לא תשנא את אחיך בלבבך
“Don’t hate your brother in your heart” (Lev. 19: 17)
We usually understand this phrase to mean – your brother out in the world, don’t hate him in your heart. But maybe we could read it as “your brother in your heart” – akhikha belivavekha – your inner brother, your inner parts – don’t hate them.
Do we hate parts of ourselves? It may be hard to recognize, but I think most of us do. There are certain parts of us that we dislike, are ashamed of, that we try to get rid of or to fix or control or hide away or deny. This dislike of certain aspects of ourselves brings aggression, self aggression into our system, harshness and judgment and destructiveness. There is a feeling sometimes of being at war with ourselves. We are our own worst enemy. Even “inner work” – this constant striving for self-improvement that we are engaged in here – can have a tinge of this aggressiveness to it, as it assumes there is something wrong with the way we are now.
This sense of an inner war is important to notice. We look with great distress at the images of the war in Ukraine and feel helpless and hopeless. But there is something we can do internally to fight hatred and war in the world – it starts right here, inside us. We can notice the inner aggression and gradually learn to let it go, to turn away from harshness and toward gentleness inside us. This inner turn has ripple effects. It begins inside, but it flows out and affects the world.

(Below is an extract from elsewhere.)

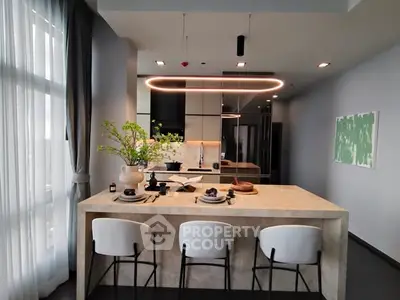 Modern kitchen with island and stylish lighting in elegant apartment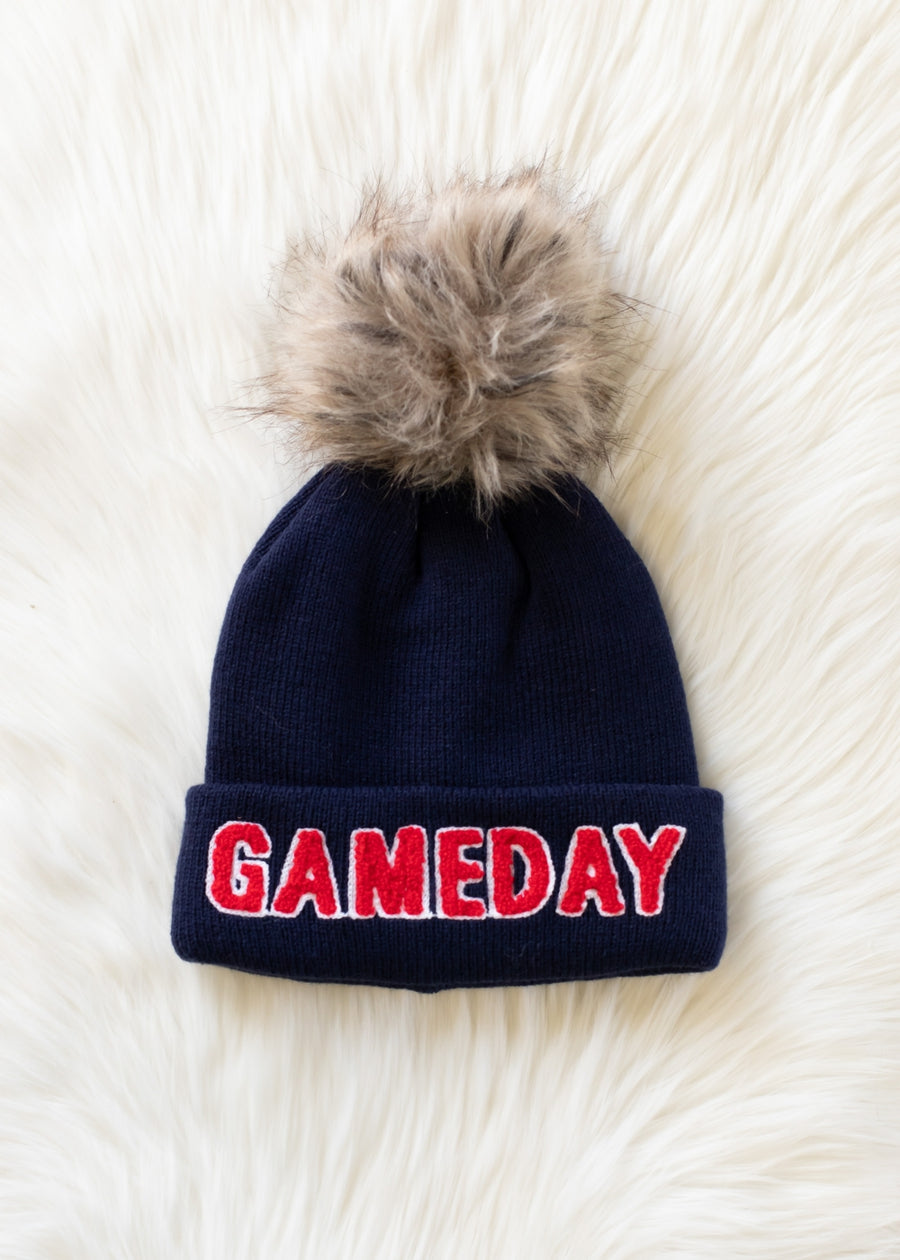 Flat lay of Panache Apparel’s navy and red Game Day winter hat featuring a folded cuff and faux fur topper.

Lo tisna et akhikha belivevekha – don’t hate those parts inside you. This is a big ask, to just turn off the inner hatred. But the first step is noticing it is there, and often, in the noticing, there is a slight softening, a sense of opening, of possibility – do I really need to be this harsh to parts of myself? There is a gentler way. I can gradually move toward the ahavah, the love of the next pasuk, of loving myself as well as my re’a, my friend. I can turn towards these parts that have been so harshly treated inside me, turn to them now with tenderness, seeing their suffering, and understand that they, too, are re’im, friends, who have been sent inside me to be loved.